§ **Task statement**: Using the entries that follow, give the number of lines containing the string "Bungalow". Write nothing besides that number.

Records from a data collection
↓↓↓

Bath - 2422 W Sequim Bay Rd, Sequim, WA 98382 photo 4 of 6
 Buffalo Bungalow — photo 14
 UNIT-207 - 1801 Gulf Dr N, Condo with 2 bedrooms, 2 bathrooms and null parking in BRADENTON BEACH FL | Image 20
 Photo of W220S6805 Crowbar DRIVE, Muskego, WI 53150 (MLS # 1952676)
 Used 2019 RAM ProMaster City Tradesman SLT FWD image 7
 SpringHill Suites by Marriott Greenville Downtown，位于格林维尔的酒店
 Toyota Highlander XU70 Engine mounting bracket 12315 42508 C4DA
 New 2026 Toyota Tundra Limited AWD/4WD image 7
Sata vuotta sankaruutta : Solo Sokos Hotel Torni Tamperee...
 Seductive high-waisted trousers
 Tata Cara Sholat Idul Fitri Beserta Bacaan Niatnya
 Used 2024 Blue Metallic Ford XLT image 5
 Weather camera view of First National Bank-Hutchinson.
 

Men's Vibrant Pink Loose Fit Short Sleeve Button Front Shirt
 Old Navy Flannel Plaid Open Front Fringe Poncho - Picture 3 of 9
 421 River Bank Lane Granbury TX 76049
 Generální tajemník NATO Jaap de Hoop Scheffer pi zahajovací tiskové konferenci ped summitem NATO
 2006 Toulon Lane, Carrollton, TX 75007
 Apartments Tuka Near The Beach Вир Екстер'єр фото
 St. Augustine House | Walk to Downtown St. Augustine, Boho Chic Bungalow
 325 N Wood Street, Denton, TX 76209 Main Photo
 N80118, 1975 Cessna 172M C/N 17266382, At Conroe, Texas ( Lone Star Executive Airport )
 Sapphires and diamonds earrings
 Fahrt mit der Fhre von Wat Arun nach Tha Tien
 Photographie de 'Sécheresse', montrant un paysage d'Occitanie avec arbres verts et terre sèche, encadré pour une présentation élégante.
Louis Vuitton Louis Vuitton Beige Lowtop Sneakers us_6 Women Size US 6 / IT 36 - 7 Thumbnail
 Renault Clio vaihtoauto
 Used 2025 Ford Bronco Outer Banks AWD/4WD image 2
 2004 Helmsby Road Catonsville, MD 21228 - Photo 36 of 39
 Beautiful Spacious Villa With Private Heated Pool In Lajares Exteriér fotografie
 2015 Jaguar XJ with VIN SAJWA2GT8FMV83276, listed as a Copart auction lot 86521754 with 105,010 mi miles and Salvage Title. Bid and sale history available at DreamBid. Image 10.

↑↑↑

§ **Response area**: 2